Arabic Automatic Story Generation with Large Language Models
Ahmed Oumar El-Shangiti, Fakhraddin Alwajih, Muhammad Abdul-Mageed
TL;DR
This work tackles automatic Arabic story generation by fine-tuning AraLLaMA-2 on a combination of translated TinyStories data and GPT-4-synthesized narratives across MSA and two dialects (Egyptian and Moroccan). It compares two training regimes—direct SFT and a two-step process—and evaluates the resulting models with GPT-4 as an evaluator and with native-human judges.

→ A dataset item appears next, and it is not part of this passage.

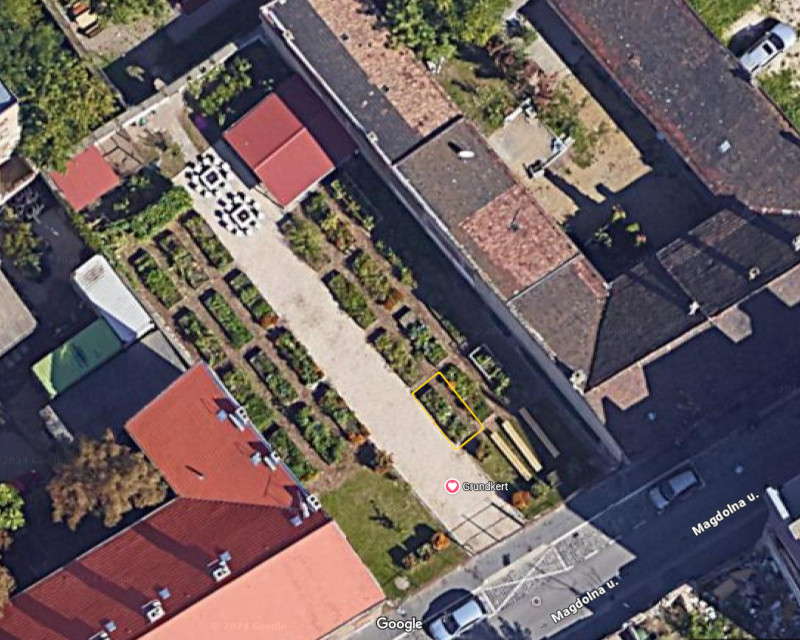 Satellite image highlighting the placement (southeast) and orientation (southeast to northwest) of our community garden parcel.
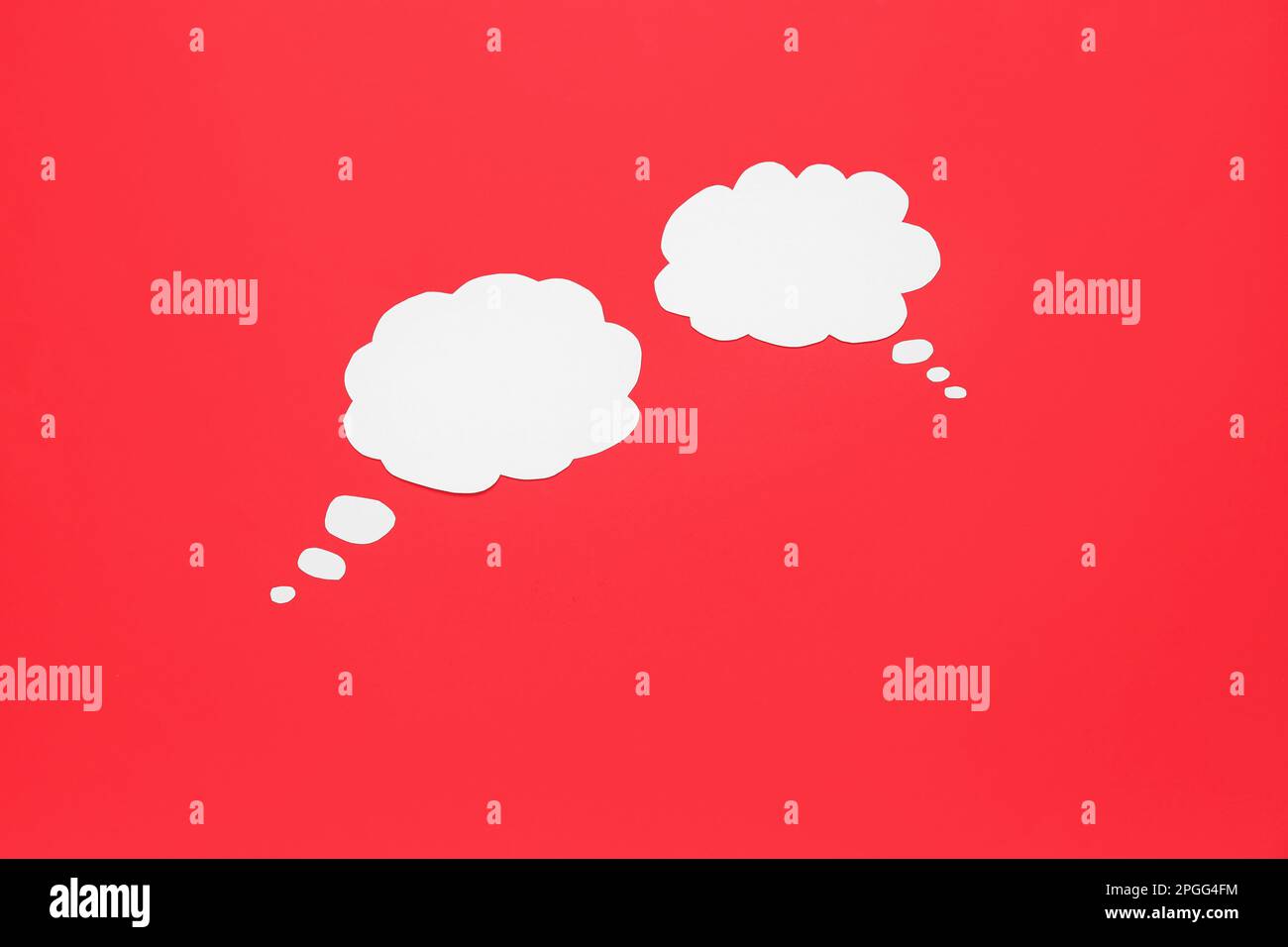 Blank speech bubbles on red background Stock Photo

The study introduces a dialect-aware prompt template with 12 controllable features, plus a data-filtering pipeline that yields high-quality Arabic stories. The results show competitive performance against strong baselines and provide publicly released datasets and models to spur further research in Arabic storytelling with LLMs. This work advances Arabic NLP by enabling coherent, instruction-following storytelling across dialects and offers a practical framework for data creation, fine-tuning, and evaluation in low-resource languages.
Abstract
Large language models (LLMs) have recently emerged as a powerful tool for a wide range of language generation tasks. Nevertheless, this progress has been slower in Arabic. In this work, we focus on the task of generating stories from LLMs. For our training, we use stories acquired through machine translation (MT) as well as GPT-4. For the MT data, we develop a careful pipeline that ensures we acquire high-quality stories. For our GPT-41 data, we introduce crafted prompts that allow us to generate data well-suited to the Arabic context in both Modern Standard Arabic (MSA) and two Arabic dialects (Egyptian and Moroccan). For example, we generate stories tailored to various Arab countries on a wide host of topics. Our manual evaluation shows that our model fine-tuned on these training datasets can generate coherent stories that adhere to our instructions. We also conduct an extensive automatic and human evaluation comparing our models against state-of-the-art proprietary and open-source models. Our datasets and models will be made publicly available at https: //github.com/UBC-NLP/arastories.